# Model Training

This notebook focuses on training the machine learning model using the prepared data. It includes steps for selecting features, training the model, and evaluating its performance.

**Local Model for quickly test**

In [None]:
import os
import json
from pathlib import Path
import polars as pl
import pandas as pd
from catboost import CatBoostClassifier


def _print(msg: str):
    print(f"[train CatBoostClassifier local] {msg}")


def load_cat_features_list(root: Path) -> list[str]:
    p = root / "cat_features.json"
    if p.exists():
        try:
            return json.loads(p.read_text(encoding="utf-8"))
        except Exception:
            pass
    return []


def main():
    root = Path("C:/Projects/trendyol/data")
    # Prefer v2_plus if exists, else fall back to v2
    train_path= root / "train_data_v5.parquet"

    features_importance_dir = root / "models/local/features_importance"
    features_importance_dir.mkdir(parents=True, exist_ok=True)

    out_dir = root / "models/local"
    out_dir.mkdir(parents=True, exist_ok=True)

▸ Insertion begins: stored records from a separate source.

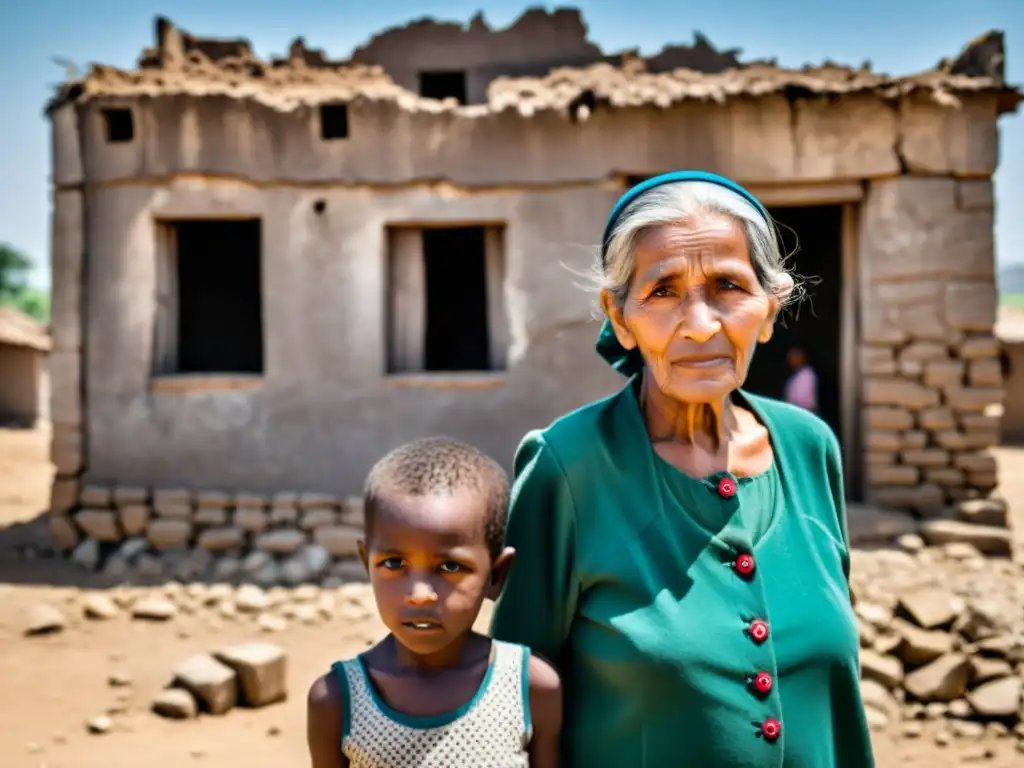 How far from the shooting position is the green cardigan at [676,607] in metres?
1.40

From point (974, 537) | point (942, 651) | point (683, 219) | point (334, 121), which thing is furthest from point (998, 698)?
point (334, 121)

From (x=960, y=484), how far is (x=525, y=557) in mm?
6322

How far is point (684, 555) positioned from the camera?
1.46m

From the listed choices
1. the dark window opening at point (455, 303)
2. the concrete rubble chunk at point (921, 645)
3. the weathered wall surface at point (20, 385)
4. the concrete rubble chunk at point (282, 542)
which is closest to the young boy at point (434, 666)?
the concrete rubble chunk at point (921, 645)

    _print(f"Loading train parquet… {train_path}")
    df_pl = pl.read_parquet(str(train_path))
    _print(f"Loaded {len(df_pl)} rows.")

    # Data splitting based on time
    if "ts_hour" in df_pl.columns and df_pl["ts_hour"].dtype != pl.Datetime:
        df_pl = df_pl.with_columns(pl.col("ts_hour").str.to_datetime())
    df_pl = df_pl.sort("ts_hour")
    split_idx = int(len(df_pl) * 0.85)
    train_pl, val_pl = df_pl[:split_idx], df_pl[split_idx:]
    train_pd = train_pl.to_pandas()
    val_pd = val_pl.to_pandas()

    # Targets and features
    targets = ["ordered", "clicked"]
    exclude_cols = set(targets + [
        "ts_hour",
        "session_id",
        "content_creation_date",
        "update_date",
        "added_to_cart",
        "added_to_fav"
    ])
    features = [c for c in train_pd.columns if c not in exclude_cols]

    # Cat features from file if available
    cat_features_list = load_cat_features_list(root)
    # Fallback: infer by dtype
    if not cat_features_list:
        for c in features:
            if str(train_pd[c].dtype) in ("object", "string", "string[python]"):
                cat_features_list.append(c)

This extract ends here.